INsite Magazine

Tuesday, October 6, 2009

SuChin Pak Vies for Diversity

Rushing in at 7:50pm, I half-feared there would be no seats left for MTV reporter SuChin Pak's speech at the University of Florida last night. Not the case. It also wasn't the case that the event actually started at 8pm, or that this would be the casual college soiree I envisioned. Usually one to to be over frilled-and-thrilled at events, this time my cotton floral dress, industrial raincoat and combat boots made me feel underdressed. The room was filled with perfectly shiny-haired girls and boys paying their respects to SuChin in suits, skirts, button-downs and power dresses. I slid inconspicuously toward the back row , attempting to blend into the group of jeans-and-tee clad freshman who clearly didn't get the business-attire memo either.

After about 30 minutes of people-watching, the projector flickered, and a video flashed. The video featured an array of young Asian Americans, presumably all of whom sat in the crowd (given all the cheering at each new face). Paired with ominous music and serious faces, each person delivered a quick one-liner about the struggles of being Asian American. I didn't realize this was such an issue. I thank myself for coming, and coming face-to-face with the issue that despite all our social equality advances, minority groups still face adversity, even on campus. Although SuChin Pak is from Korea, it hadn't dawned on me that this might be part of an Asian American awareness/celebration effort.

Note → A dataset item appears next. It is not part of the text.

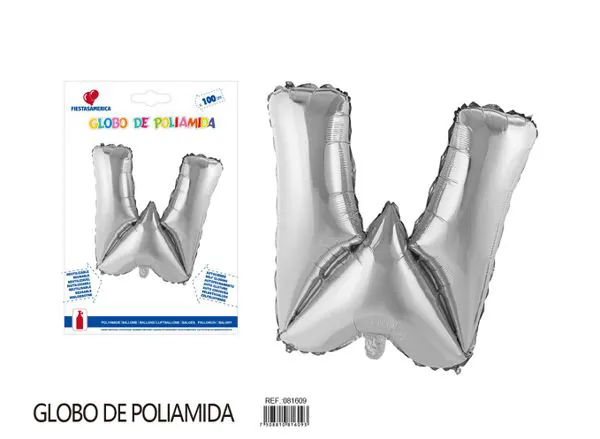Globo metálico letra de 40 pulgadas, cuerpo grueso, color plateado, letra W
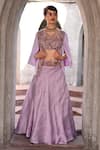 Buy_Label Deepshika Agarwal_Purple Couture Linen Silk Lining Taffeta Embroidery Ambrosia Round Lehenga Set _at_Aza_Fashions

But alas, I find the event was held as part of the
Asian American Student Union's Kaleidoscope month—"K month" for short. I had seen signs for Kaleidoscope month all over campus, and was more than curious to find out what it was. (Sounded super fun and super illegal.) Turns out it's not a Sergeant Pepper-esque event and instead is a series of events held from October through November to celebrate and educate people about Asian culture, history and heritage. I am especially looking forward to the AASU pageant (Oct. 29) and the Asian food festival.

After getting a sense for why we were really gathered this evening, SuChin hit the podium. She was cute, easy and funny right off the bat. The crowd laughed at her approachable sense of humor and self-deprecating comments. She's definitely able to "get on your level," which is probably why she has been a TV reporter for more than 15 years.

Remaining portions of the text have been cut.